The browser needs to know the certificate and the private key and Firefox needs this to be turned into a format called PFX. We can do this using openssl

openssl pkcs12 -export -in myclient.crt -inkey red.cat.key -out myclient.pfx

Because this is combining the certificate and the private key, you will be asked for a pass phrase to keep the certificate secure. Unfortunately the pfx format is not like the PEM format and you cannot simply copy/paste the text but instead you will need to use scp to transfer the file to your computer.

With the certificate in PFX format on your computer, you can now go to the certificate manager in Firefox and import the certificate into the section called ‘Your Certificates’. Once you have the certificate put in place, you should be able to visit the website from before. If you delete the certificate you should go back to the error.

This type of client-side certificate is not a replacement for security but it can be used as an enhancement. I was working on one project where we were using client-side certificates stored on a secure USB drive with a small browser shim put in place. When the destination website was visited, the browser would prompt for the USB drive to be inserted and would ask for the pass phrase associated with the certificate. This created a two factor authentication scheme where the USB drive+certificate where required to be physically present.

Client side certificates can be quite helpful if you have one server that needs to access data from another service via HTTPS. This can be a better alternative to pre-shared keys (more of a web back-end programming topic).
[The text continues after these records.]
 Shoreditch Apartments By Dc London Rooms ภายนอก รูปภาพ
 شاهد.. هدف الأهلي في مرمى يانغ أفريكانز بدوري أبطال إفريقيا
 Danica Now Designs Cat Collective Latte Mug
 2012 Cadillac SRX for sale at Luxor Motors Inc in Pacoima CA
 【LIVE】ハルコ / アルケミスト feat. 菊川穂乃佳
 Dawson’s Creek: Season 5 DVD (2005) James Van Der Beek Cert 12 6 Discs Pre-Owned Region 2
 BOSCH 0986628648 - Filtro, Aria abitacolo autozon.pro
6.5 Deploying Cetificates on nginx

The configuration of nginx to use SSL certificates is not particularly difficult with one small variation from Apache in terms of how to deal with intermediate certificates.

Consider the following section of an nginx configuration file:

server {
    listen 443 ssl;
    root /var/www/h2;
    ssl_certificate /etc/nginx/ssl/test.crt;
    ssl_certificate_key /etc/nginx/ssl/test.key;
}

The port that we are listening to is pretty clear and the ssl directive at the end of the configuration line is just a directive to nginx to use the SSL engine. There are some web pages on the internet suggesting to include a ssl on; directive but this is not actually current and is probably just an old version.
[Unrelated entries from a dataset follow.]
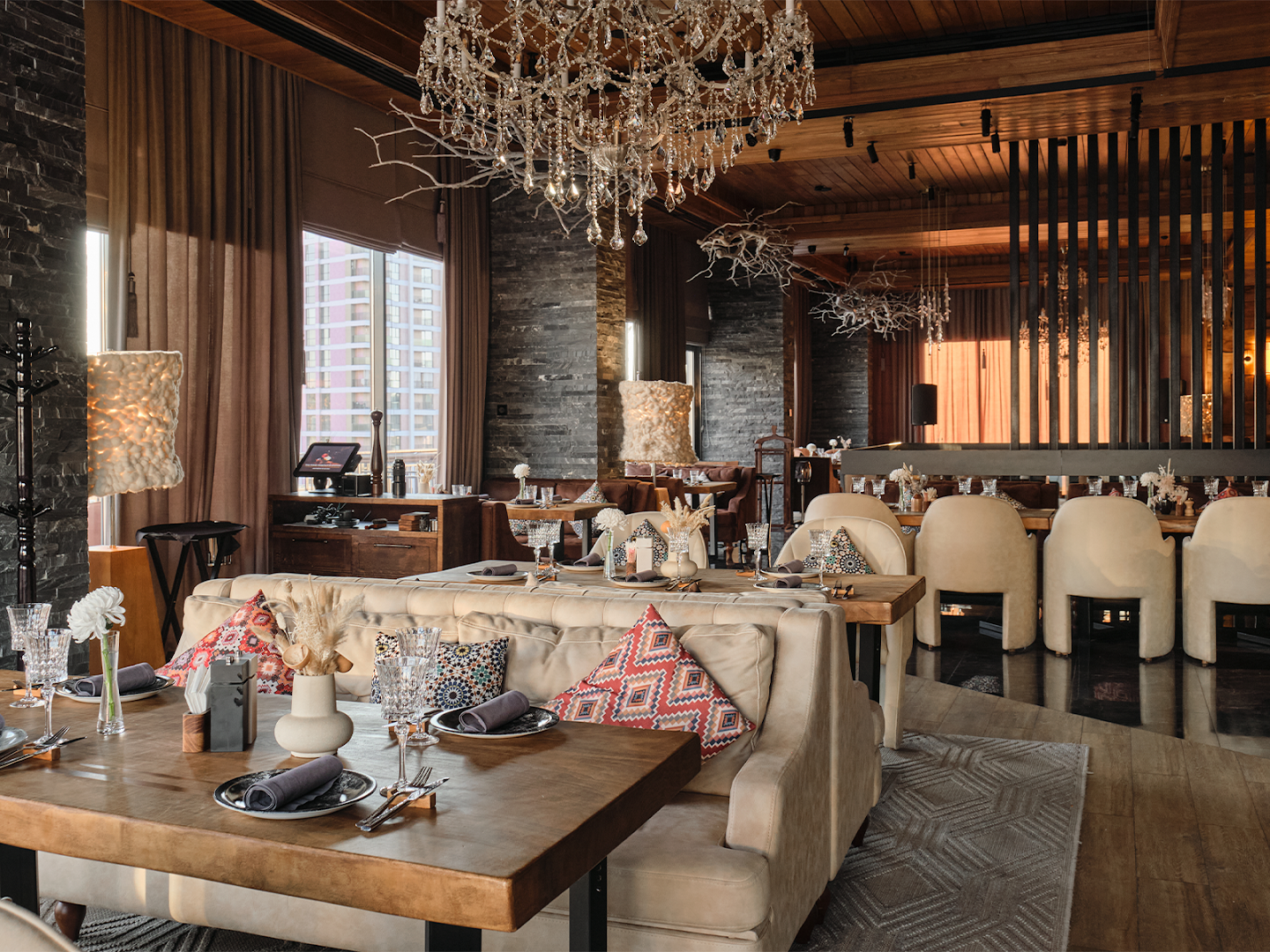 Chalet: high quality interior atmosphere shot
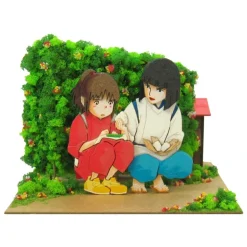 Diorama papier Chihiro & Haku - Le Voyage de Chihiro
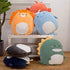 Soft Dinosaur Plush Hugging Pillow Cute Dinosaur Stuffed Animal Plushies Toy Dinosaur Kids Stuffed Animals Dino Plush Toys for Birthday, Valentine...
The ssl_certificate and ssl_certificate directives list the full path to where the certificate and the private key are located.
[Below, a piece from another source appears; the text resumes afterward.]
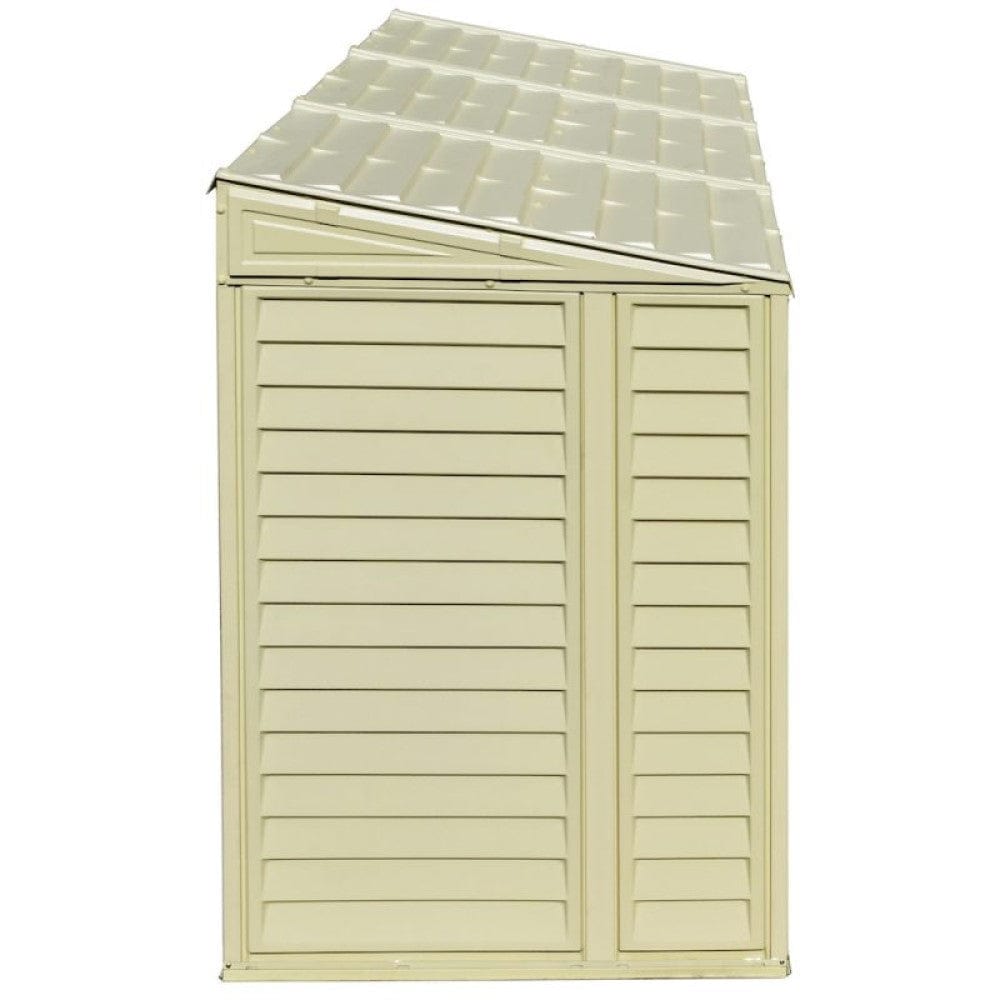 Duramax Vinyl Storage Shed Kit with Foundation DuraMax | SideMate Vinyl Storage Shed 4' x 8' with Foundation | Eastern States 06625_NJ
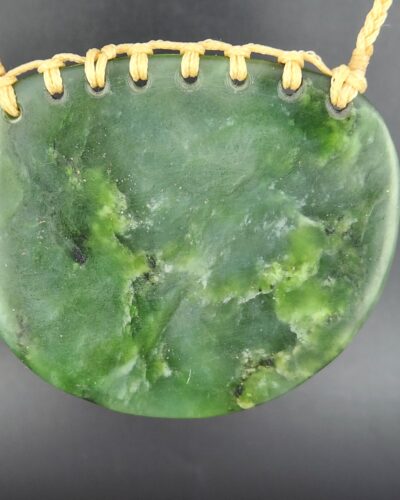 Kahurangi jade pendant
If you are using intermediate certificates (likely on a real website) you have a bit of work but it is possible that the signer has already done the work for you. The crt files that we have been using with Apache contain just one certificate but you can actually put multiple certificates together into a single file and this is what nginx is expecting. The file format becomes:

-----BEGIN CERTIFICATE-----
>>> Machine Certificate <<<
-----END CERTIFICATE-----
-----BEGIN CERTIFICATE-----
>>> Intermediate Certificate <<<
-----END CERTIFICATE-----

You can actually keep adding more certificates to this if you happen to be creating a long chain of trusted authorities. The order is critical, the machine’s certificate needs to be the first one, the certificate of the authority issuing the machine’s certificate must appear next, then the certificate of the authority issuing the intermediate certificate (if it is not a root) and so on.